With the exception of the time of Prohibition, Stroh's developed into a model for efficiently run regional breweries over the next 70 years. Stroh's purchased local rivals Goebel Brewing Company in 1964 and began their ascension to national prominence through further mergers and acquisitions, and competed well with rivals Anheuser-Busch and Miller, among others.
And that, friends, is where I will close this chapter of Michigan's brewing history – not because there are no interesting stories of corporate espionage and hostile takeovers (in fact, the next 30 years were rife with big business intrigue for Stroh's, Pfeiffer's, Goebel and many other large breweries in Michigan), but rather because not much was happening with the beer that Stroh's, or anyone else, was producing after the mid-1950s.
During that time, beer became (as I mentioned) a commodity like any other, almost indistinguishable from company to company. And the less distinguishable the beer was, the better. It was the zeitgeist; bread became all white and soft, cheese became all yellow, family dinners came boxed or canned. Convenience and homogeneity became king.

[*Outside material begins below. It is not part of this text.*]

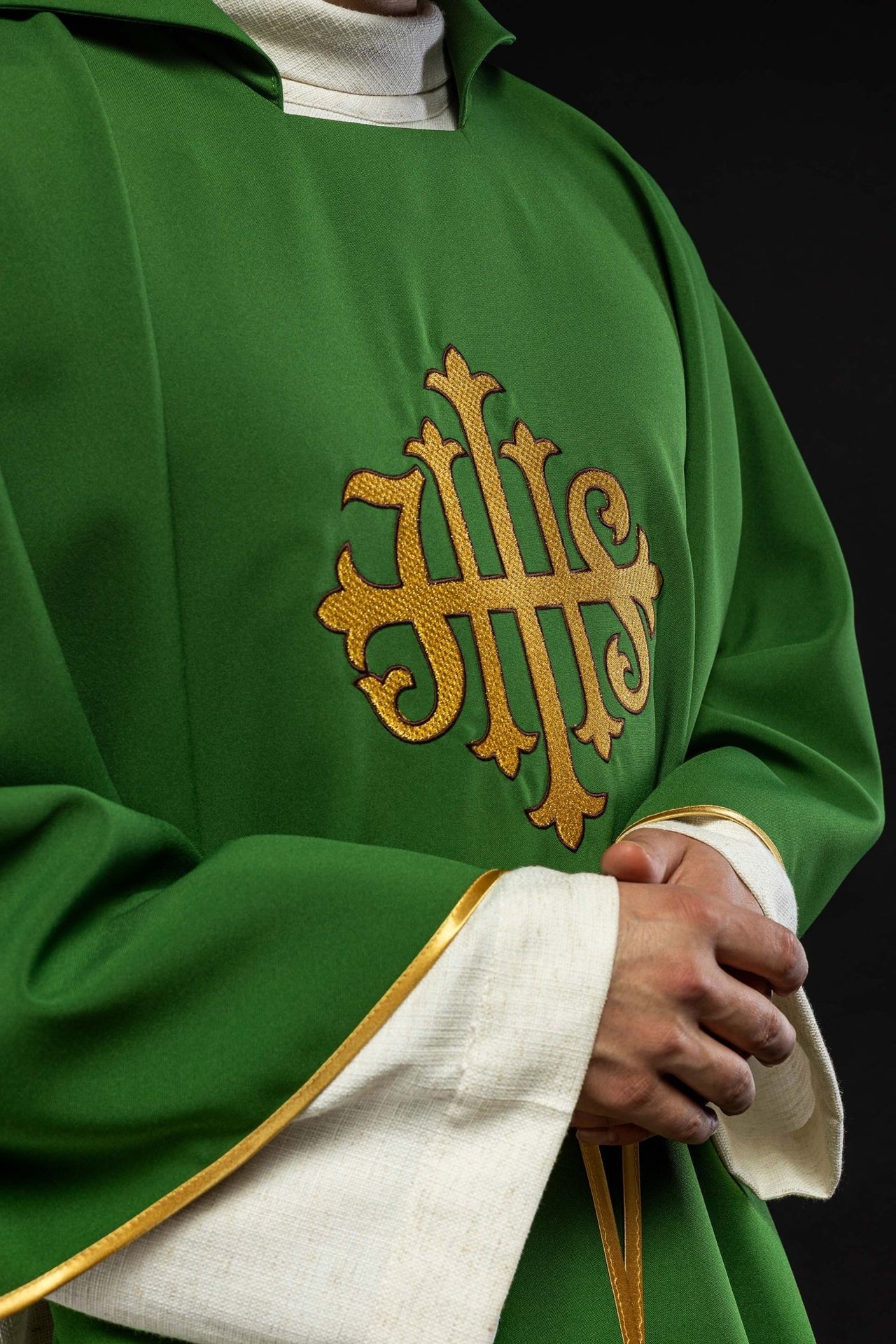 Ornat Liturgiczny Zielony z Haftem JHS i Szerokim Kołnierzem - alba.pl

Enter, thank goodness, H.R. 1337 in 1978, which legalized homebrewing in the U.S., and Larry Bell's Kalamazoo Brewing Company in 1985.
H.R. 1337 allowed U.S. citizens to brew 100 gallons of beer per year per person, or 200 gallons per household, as long as they didn't sell it. Larry Bell capitalized on this in a very small way when he opened a homebrew shop in Kalamazoo in 1983. In 1985, he opened the Kalamazoo Brewing Co. with very limited equipment and a very small market in which to sell his new kind of beer, and that's where the new chapter of brewing in Michigan really begins.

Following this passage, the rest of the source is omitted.